This stock photo shows stairs in a home. This past Christmas, old presents were discovered addressed to central Florida resident Holly Pomeroy, her dad and her sister in the attic of the home of Pomeroy’s grandfather, who died recently. (Getty Images)

 By Amanda Thomason  January 6, 2022 at 7:38am

Holidays just aren’t the same when beloved family members no longer are present. Their absence is felt deeply, and it can be difficult to celebrate.

In rare instances of care and foresight, some people set up surprises, letters or recurrent gifts for their families when they are unable to see family or know their time is coming.

But it’s unclear just what was intended with a batch of Christmas presents that central Florida resident Holly Pomeroy, 29, and her family received this past Christmas.

Pomeroy told Fox News that on Nov. 16, her grandpa passed away. Her grandmother had died in 2015, and it was around 2002 when Pomeroy’s great-grandparents passed.

But this past Christmas, there were wrapped presents from all of them addressed to Pomeroy, her dad and her sister.

It started when Pomeroy’s cousin was going through their grandpa’s house and getting things in order. The presents were found in the attic.

“My cousin has been doing most of the clean-up and going through our grandparents’ house because she is the only one who lives near it and she found them stowed away,” Pomeroy told Newsweek. “I don’t know for sure why they were left or forgotten about.

“As for the actual gifts, I’m not sure the exact time period, but since one was from my nana who passed in 2015, it’s possible that it was from Christmas of 2014 that we weren’t able to come down for, and then her health started really declining in January of 2015, and my grandpa probably just packed them away and forgot about then because of her death.”

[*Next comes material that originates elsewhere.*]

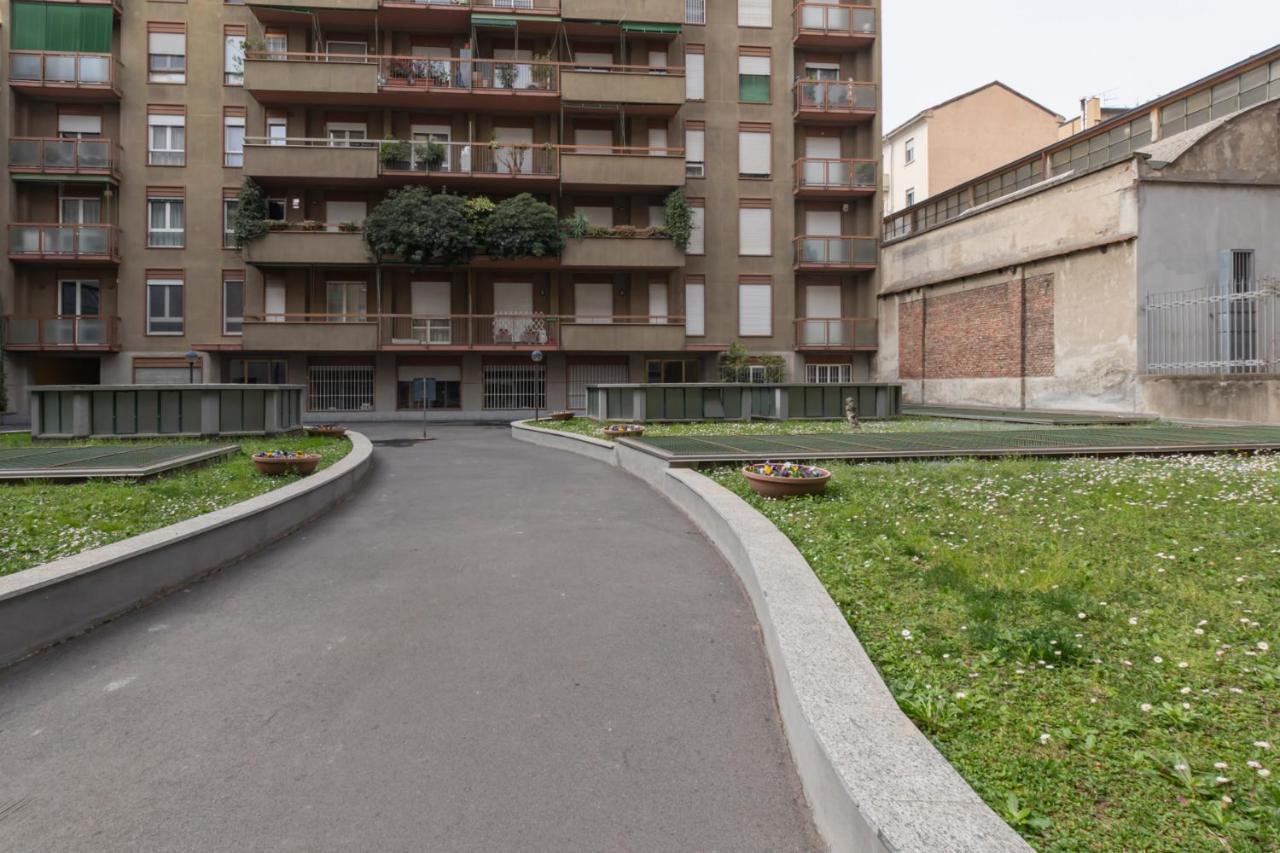 Joivy Modern 2Bed Flat With Balcony, 250M From M5 Foppa And M2 Sant'Agostino Apartment Milano Ngoại thất bức ảnh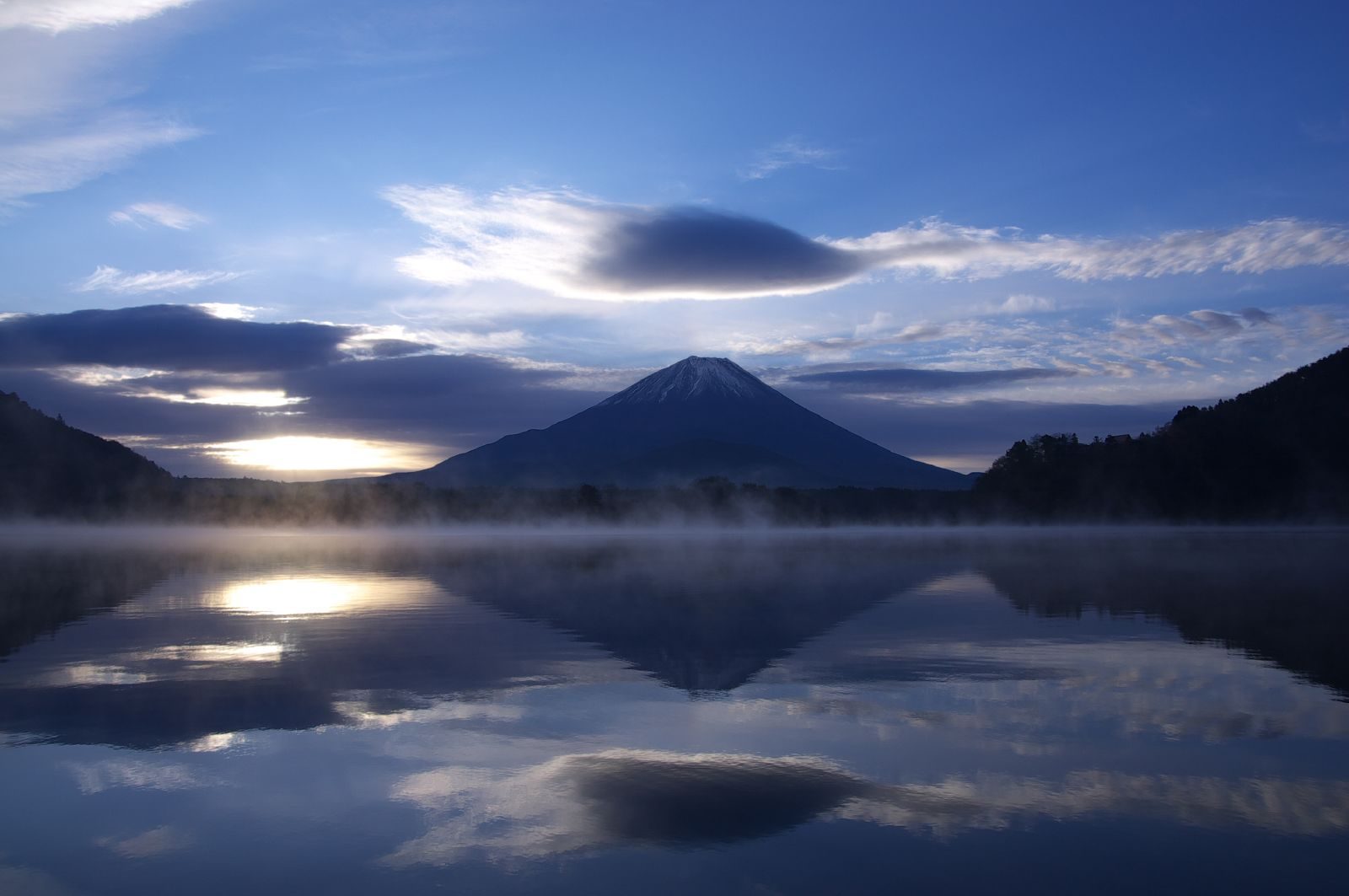 Mt.Fuji_and_Lake_Shojiko.jpg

The cousin got the gifts to her, and Pomeroy filmed herself pulling the seven presents out of a box, all neatly wrapped in older-looking wrapping paper and addressed to her, her sister or her father.

“These are probably from when we were kids,” she said in the video that has since gone viral on TikTok.

There also was a card with cash from her great-grandparents.

@hollybrooke92This is wild! Mine say from Nana who passed in 2015. The rugrats wrapping paper makes me think these are way before then even. #grandparents #crazy♬ Santa Claus Is Comin’ to Town – Mariah Carey

“As for the card, a lot of people are suggesting it could be from the ’90s because their grandparents always got fresh bills from the bank to put in their Christmas or birthday cards, and the bills do say 1995,” Pomeroy continued, according to Newsweek. “I don’t know for sure though how bills work or if when you go to a bank you even get bills from the same year.

“We didn’t get to spend a whole lot of Christmases with my great-grandparents though, so could have just been forgotten as well. My dad and sister were in shock but extremely happy this happened to us and we were able to experience one last gift from them.

“My grandparents were the type that every time we came down to their house, they always had something for us to take home.”

@hollybrooke92Reply to @allisonannmiles this is so my grandpas humor though. 2 almost identical gifts but the most amazing thing I could have received from them❤️♬ original sound – Hollybrooke92

The forgotten gifts included a flashlight and massage chair for Pomeroy’s dad, a blue snuggie for her sister and a pink snuggie and pink bathrobe for herself.

Though they may never know why those gifts didn’t make it to them before, they’re all very thankful to have one last Christmas “with” their late loved ones.

“It was definitely emotional opening them and knowing it was the very last thing I would ever receive from my grandparents,” Pomeroy told Fox News.

“[We] just think it is a huge blessing for this to happen to us.”

Amanda holds an MA in Rhetoric and TESOL from Cal Poly Pomona. After teaching composition and logic for several years, she’s strayed into writing full-time and especially enjoys animal-related topics.

As of January 2019, Amanda has written over 1,000 stories for The Western Journal but doesn’t really know how. Graduating from California State Polytechnic University with a MA in Rhetoric/Composition and TESOL, she wrote her thesis about metacognitive development and the skill transfer between reading and writing in freshman students.

She has a slew of interests that keep her busy, including trying out new recipes, enjoying nature, discussing ridiculous topics, reading, drawing, people watching, developing curriculum, and writing bios. Sometimes she has red hair, sometimes she has brown hair, sometimes she’s had teal hair.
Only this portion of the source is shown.